Exercise objective -> Go through the listing below and retype exactly the lines starting at the one with "Jane Biegel Haskell" and ending at the one with "角钢,合金圆钢厂家直销大量现货", skipping pictures.

═════ The records ═════

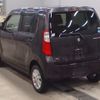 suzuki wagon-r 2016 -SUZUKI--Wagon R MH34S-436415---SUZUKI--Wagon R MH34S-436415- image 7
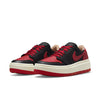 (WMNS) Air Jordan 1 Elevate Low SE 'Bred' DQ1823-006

═════
═════ The records ═════

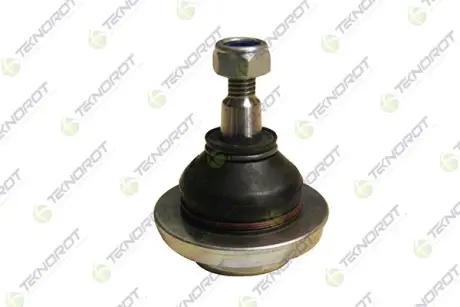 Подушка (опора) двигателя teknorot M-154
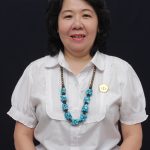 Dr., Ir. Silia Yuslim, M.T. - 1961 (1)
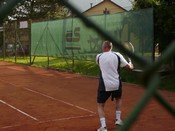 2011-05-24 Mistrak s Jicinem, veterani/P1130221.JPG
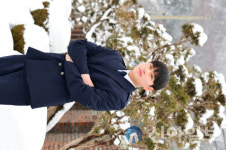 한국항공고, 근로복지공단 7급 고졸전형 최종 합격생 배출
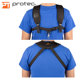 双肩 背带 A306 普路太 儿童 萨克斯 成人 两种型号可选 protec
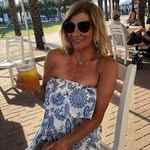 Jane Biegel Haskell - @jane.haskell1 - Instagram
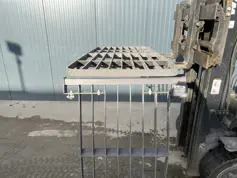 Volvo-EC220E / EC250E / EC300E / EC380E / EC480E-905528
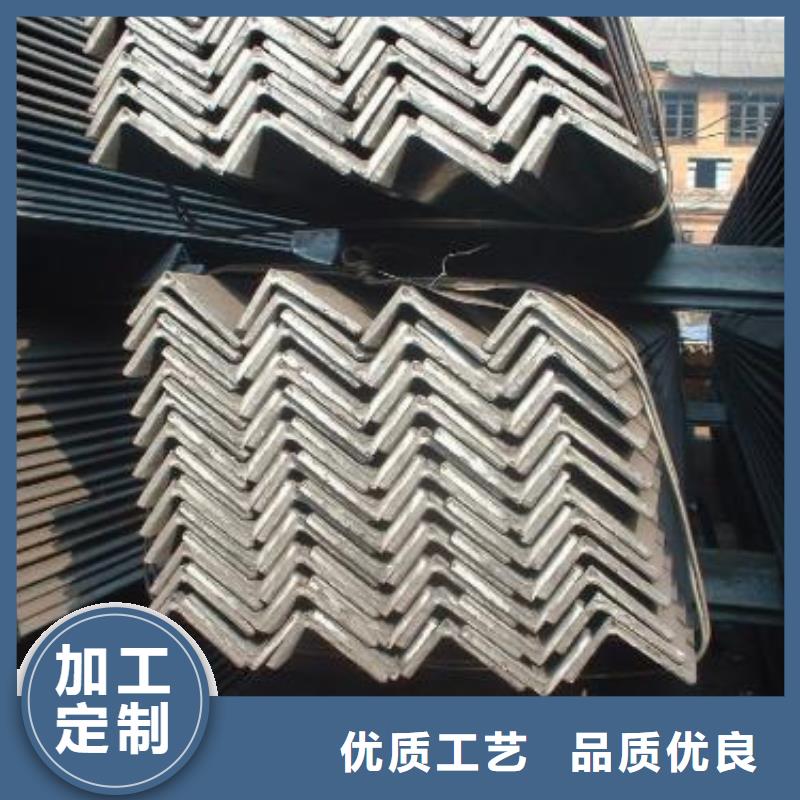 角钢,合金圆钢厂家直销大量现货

═════

Result below ->
 Jane Biegel Haskell - @jane.haskell1 - Instagram
 Volvo-EC220E / EC250E / EC300E / EC380E / EC480E-905528
 角钢,合金圆钢厂家直销大量现货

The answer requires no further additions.